Dry, scratchy, irritated eyes. A stinging or burning sensation. Eye fatigue and sensitivity to light. Blurry vision. Sound familiar? You may know the symptoms of dry eye well, but what causes this discomfort?
If you’re over 50 and a woman, you’re more likely to be affected. And if you’re over 65, your chances of dry eye are even higher. In addition, you may have had an injury or take a medication that’s causing your eyes to dry out or not produce enough tears.
- Here’s a more detailed look at possible causes of your dry eyes:
Medications: Some medicines you take for conditions the aren’t directly associated with your eyes can actually interfere with tear production. These include antihistamines, decongestants, blood pressure medications, and antidepressants.
- Being a woman: The hormonal changes women experience, including during pregnancy and menopause, appear to affect dry eye. Oral contraceptives (birth control) can also play a role.
- Medical conditions: Some health problems are linked with eye issues, including dry eye. These include rheumatoid arthritis, Sjogren’s syndrome, diabetes, and thyroid problems.

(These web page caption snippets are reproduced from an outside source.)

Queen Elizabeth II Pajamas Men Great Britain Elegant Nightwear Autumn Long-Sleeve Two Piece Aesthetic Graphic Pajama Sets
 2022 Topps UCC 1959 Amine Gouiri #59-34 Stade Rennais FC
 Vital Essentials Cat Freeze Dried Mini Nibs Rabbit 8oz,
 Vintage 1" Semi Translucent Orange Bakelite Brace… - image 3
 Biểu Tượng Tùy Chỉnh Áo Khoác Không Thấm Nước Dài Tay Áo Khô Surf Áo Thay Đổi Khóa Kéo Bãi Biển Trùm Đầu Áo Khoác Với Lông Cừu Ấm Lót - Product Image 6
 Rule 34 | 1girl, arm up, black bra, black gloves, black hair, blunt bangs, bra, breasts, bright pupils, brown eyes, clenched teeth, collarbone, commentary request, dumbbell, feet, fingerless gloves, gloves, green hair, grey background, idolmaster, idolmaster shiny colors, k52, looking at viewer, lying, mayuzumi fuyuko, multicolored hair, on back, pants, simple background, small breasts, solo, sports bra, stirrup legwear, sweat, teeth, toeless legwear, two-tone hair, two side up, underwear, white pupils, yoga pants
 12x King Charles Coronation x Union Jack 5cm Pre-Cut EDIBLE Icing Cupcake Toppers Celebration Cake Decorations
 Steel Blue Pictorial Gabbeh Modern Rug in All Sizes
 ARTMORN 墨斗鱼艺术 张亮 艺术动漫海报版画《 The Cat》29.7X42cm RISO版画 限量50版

- Environmental causes: Smoke, wind, and sun exposure can dry out your eyes, as can a dry climate.
- Inflammation in or around the eyes: If you have a condition that causes your eyelids or surfaces of your eyes to become inflamed, your eyes may get dry.
- Use of a computer screen: Staring at a computer screen can keep you from blinking as often as usual, which can make your eyes dry.
- Vision treatment: Long-term use of contact lenses as well as LASIK surgery can change the moisture content of your eyes.